What the exercise asks:
For this exercise, copy exactly the lines below from the one with "Fox Terrier Cozy" through the one with "Dibujo Elefante africano pintado por fidfd" and leave out the pictures.

Supplied records:
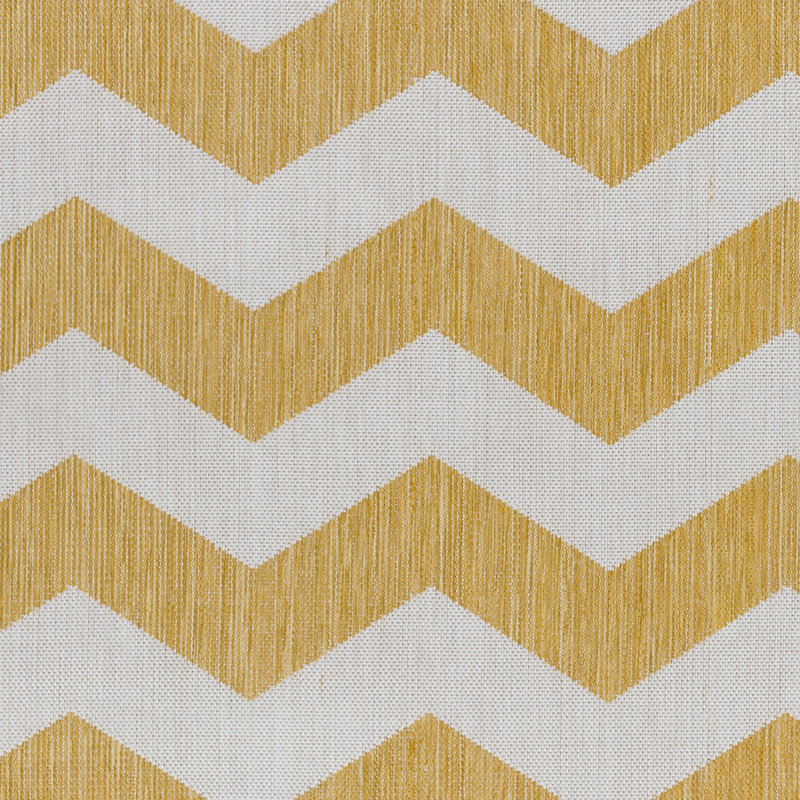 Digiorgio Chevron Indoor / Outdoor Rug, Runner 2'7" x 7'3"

* * *

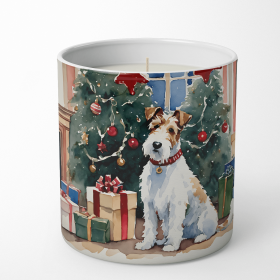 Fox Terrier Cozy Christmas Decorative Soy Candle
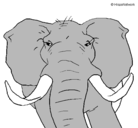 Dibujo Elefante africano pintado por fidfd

Task answer:
 Fox Terrier Cozy Christmas Decorative Soy Candle
 Dibujo Elefante africano pintado por fidfd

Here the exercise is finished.